Date & Time: Thursday, 14th March 2013, 7-9PM
Venue: G2 Lecture Theatre SOAS, Thornhaugh Street, London WC1H 0XG
Speakers:Professor Marc Epprecht, Department of Global Development Studies at Queen's University, Sibongile Ndashe, Lawyer, INTERIGHTS; Stéphane Djedje, House of Rainbow Fellowship. Chair:Oliver Phillips, Reader in Law, University of Westminster.
The persecution of people in Africa on the basis of their assumed or perceived homosexual orientation has received considerable coverage in the popular media in recent years. Gay-bashing by political and religious figures in Zimbabwe and Gambia; draconian new laws against lesbians and gays and their supporters in Malawi, Nigeria and Uganda; and the imprisonment and extortion of gay men in Senegal and Cameroon have all rightly sparked international condemnation.
However, much of the analysis thus far has been highly critical of African leadership and culture without considering local nuances, historical factors and external influences that are contributing to the problem. Such commentary also overlooks grounds for optimism in the struggle for sexual rights and justice in Africa, which is gaining ground.

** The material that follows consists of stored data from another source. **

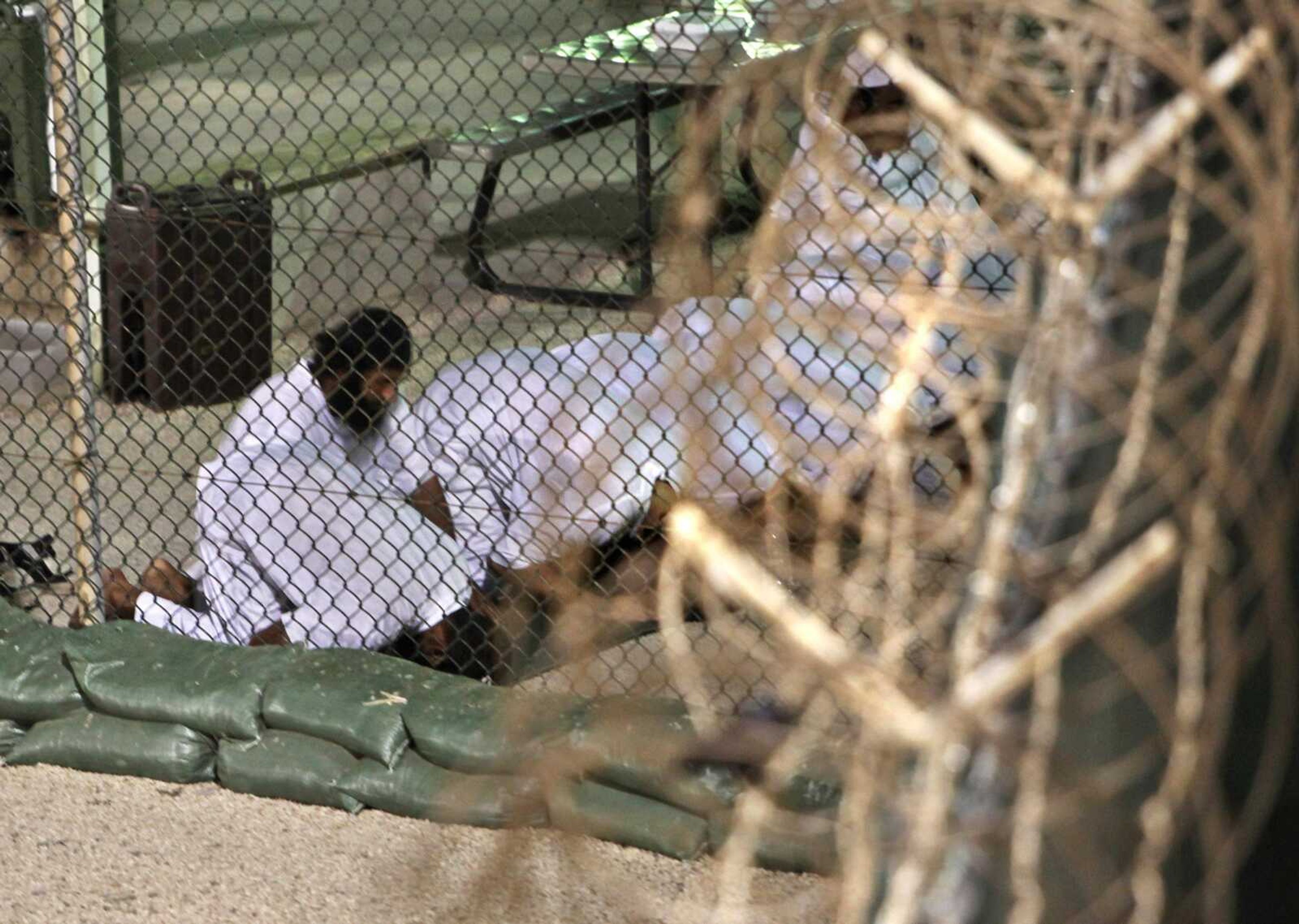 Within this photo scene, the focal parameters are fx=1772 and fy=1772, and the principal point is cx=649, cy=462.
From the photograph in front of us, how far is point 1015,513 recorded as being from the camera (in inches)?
49.9

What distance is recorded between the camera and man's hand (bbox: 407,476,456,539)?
4895mm

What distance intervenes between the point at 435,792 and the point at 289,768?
357 mm

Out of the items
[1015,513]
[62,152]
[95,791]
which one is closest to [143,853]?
[95,791]

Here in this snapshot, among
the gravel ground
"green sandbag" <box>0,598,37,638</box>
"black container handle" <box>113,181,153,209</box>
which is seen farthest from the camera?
"black container handle" <box>113,181,153,209</box>

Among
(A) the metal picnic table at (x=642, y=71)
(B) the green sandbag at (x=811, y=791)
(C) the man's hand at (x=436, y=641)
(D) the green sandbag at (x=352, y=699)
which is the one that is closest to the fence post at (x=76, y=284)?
(D) the green sandbag at (x=352, y=699)

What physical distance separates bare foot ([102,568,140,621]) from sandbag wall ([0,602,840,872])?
0.42m

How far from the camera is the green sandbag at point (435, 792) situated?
3.81 meters

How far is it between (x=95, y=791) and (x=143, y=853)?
0.34 m

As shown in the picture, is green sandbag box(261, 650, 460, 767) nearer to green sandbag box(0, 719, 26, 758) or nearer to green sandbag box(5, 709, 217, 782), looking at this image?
green sandbag box(5, 709, 217, 782)

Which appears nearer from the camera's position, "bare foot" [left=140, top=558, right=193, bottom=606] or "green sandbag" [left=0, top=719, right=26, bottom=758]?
"green sandbag" [left=0, top=719, right=26, bottom=758]

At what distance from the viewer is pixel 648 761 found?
3.83m

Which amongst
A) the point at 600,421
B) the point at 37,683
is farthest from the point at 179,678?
the point at 600,421

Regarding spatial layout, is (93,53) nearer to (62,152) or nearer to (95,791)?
(62,152)

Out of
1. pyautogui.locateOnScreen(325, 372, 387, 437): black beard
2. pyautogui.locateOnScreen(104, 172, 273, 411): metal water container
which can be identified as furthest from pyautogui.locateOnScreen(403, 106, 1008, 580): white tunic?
pyautogui.locateOnScreen(104, 172, 273, 411): metal water container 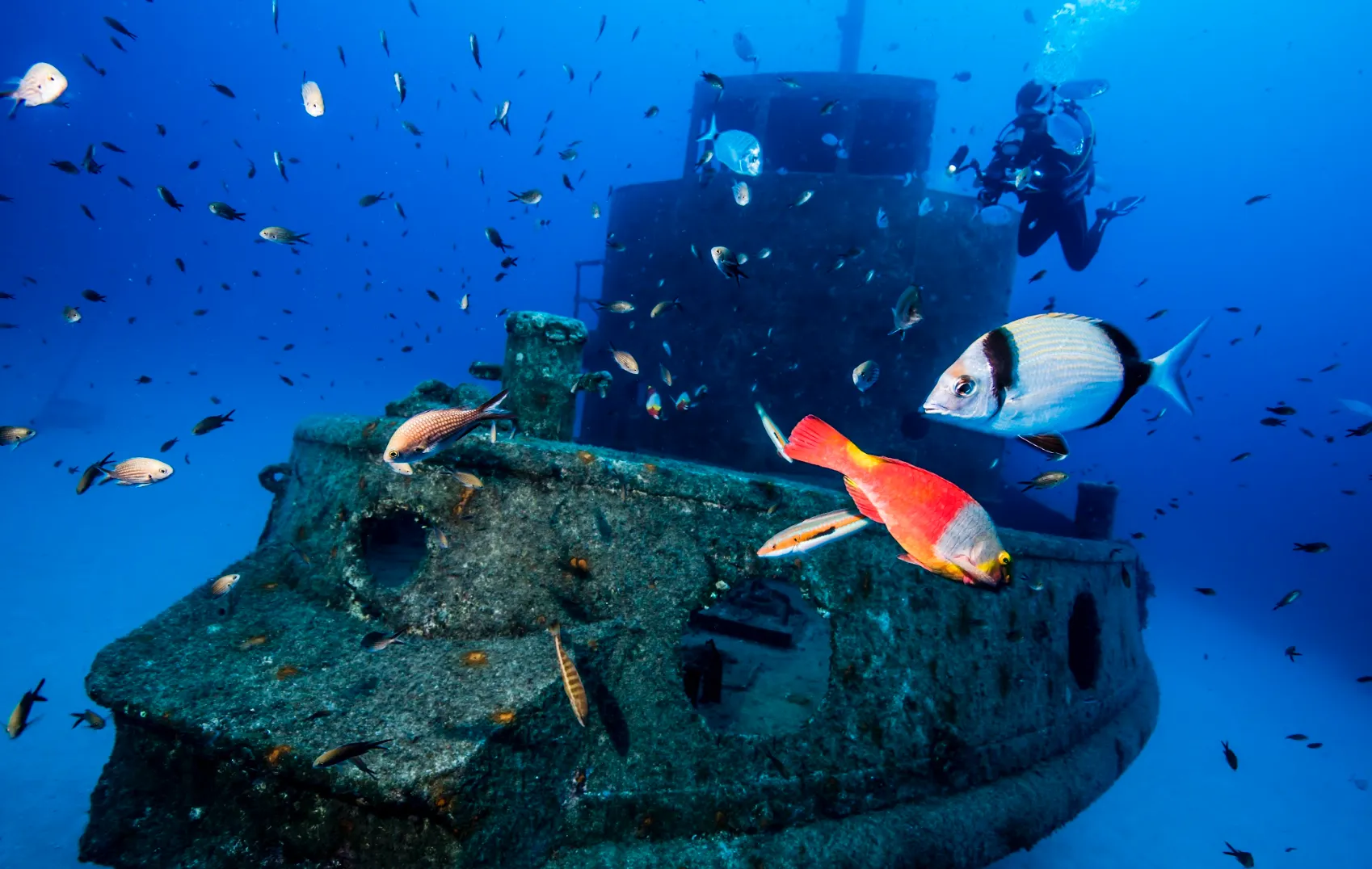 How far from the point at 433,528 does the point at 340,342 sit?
164177 millimetres

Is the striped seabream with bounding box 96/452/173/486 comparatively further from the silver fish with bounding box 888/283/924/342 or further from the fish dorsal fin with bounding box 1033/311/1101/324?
the silver fish with bounding box 888/283/924/342

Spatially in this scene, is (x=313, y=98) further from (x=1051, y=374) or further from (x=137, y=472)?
(x=1051, y=374)

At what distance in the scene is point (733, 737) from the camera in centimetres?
354

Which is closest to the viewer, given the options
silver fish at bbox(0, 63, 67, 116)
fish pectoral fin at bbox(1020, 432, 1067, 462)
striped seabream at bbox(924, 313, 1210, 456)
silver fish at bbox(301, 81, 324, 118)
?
striped seabream at bbox(924, 313, 1210, 456)

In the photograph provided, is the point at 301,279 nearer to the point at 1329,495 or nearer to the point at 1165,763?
the point at 1165,763

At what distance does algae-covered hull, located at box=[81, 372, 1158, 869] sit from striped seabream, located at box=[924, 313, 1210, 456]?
2.14 meters

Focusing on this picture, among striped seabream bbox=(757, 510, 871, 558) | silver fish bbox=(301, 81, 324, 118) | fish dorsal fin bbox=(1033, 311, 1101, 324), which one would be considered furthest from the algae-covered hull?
silver fish bbox=(301, 81, 324, 118)

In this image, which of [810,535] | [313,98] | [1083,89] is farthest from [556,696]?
[1083,89]

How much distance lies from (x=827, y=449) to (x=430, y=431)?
6.15 feet

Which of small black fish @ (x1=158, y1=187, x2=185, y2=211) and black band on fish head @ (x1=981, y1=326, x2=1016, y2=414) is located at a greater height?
small black fish @ (x1=158, y1=187, x2=185, y2=211)

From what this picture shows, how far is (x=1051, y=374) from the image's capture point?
167 cm

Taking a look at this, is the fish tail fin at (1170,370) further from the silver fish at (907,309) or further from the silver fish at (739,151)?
the silver fish at (739,151)

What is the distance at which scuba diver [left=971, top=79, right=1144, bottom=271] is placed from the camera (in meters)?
8.54

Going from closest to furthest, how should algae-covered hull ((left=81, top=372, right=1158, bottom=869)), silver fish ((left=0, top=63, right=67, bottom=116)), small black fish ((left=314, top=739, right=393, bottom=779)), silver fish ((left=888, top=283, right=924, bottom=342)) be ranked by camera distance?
small black fish ((left=314, top=739, right=393, bottom=779)) → algae-covered hull ((left=81, top=372, right=1158, bottom=869)) → silver fish ((left=888, top=283, right=924, bottom=342)) → silver fish ((left=0, top=63, right=67, bottom=116)) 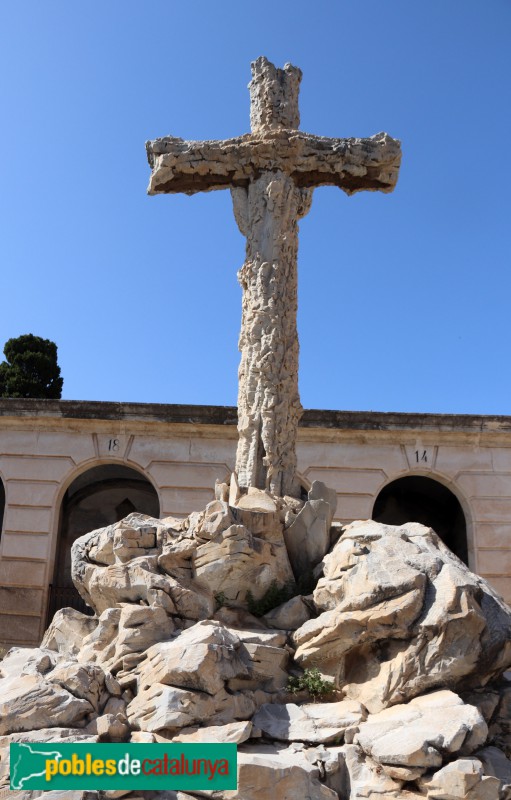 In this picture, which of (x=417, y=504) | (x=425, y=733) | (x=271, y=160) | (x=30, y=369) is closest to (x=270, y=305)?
(x=271, y=160)

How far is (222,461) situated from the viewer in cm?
1511

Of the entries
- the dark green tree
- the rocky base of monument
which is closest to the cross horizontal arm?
the rocky base of monument

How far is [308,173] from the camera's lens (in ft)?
33.7

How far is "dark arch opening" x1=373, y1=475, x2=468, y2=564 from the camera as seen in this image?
17.7 meters

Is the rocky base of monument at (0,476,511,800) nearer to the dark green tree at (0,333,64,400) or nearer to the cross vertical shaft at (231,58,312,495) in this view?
the cross vertical shaft at (231,58,312,495)

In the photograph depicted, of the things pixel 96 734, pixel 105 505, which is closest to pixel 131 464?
pixel 105 505

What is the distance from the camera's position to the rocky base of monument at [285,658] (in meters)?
5.64

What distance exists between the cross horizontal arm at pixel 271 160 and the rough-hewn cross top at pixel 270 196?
13 mm

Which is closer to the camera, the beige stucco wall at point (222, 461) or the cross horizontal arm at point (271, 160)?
the cross horizontal arm at point (271, 160)

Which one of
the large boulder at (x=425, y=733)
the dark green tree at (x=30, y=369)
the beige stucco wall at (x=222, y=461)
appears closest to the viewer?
the large boulder at (x=425, y=733)

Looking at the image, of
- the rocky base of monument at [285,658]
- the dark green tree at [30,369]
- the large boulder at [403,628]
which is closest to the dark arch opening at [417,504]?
the rocky base of monument at [285,658]

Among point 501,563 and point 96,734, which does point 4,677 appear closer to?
point 96,734

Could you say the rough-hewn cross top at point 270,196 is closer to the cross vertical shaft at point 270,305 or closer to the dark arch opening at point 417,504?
the cross vertical shaft at point 270,305

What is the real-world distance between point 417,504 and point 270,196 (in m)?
10.2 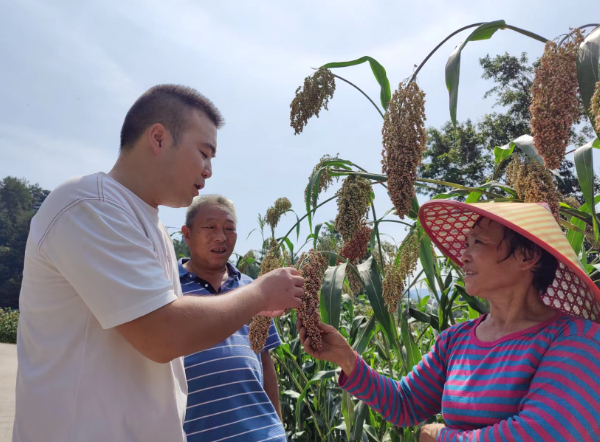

Drawing on the history of homosexualities and LGBTI and HIV/AIDS activist networks across the continent, where homosexuality is still illegal in 36 countries, this event will look beyond the headlines. Our panel will examine the core issues at play, review recent achievements in challenging the homophobic tide by religious and political leaders alike, and consider the factors that will support the long-term success of the sexual rights movement in Africa.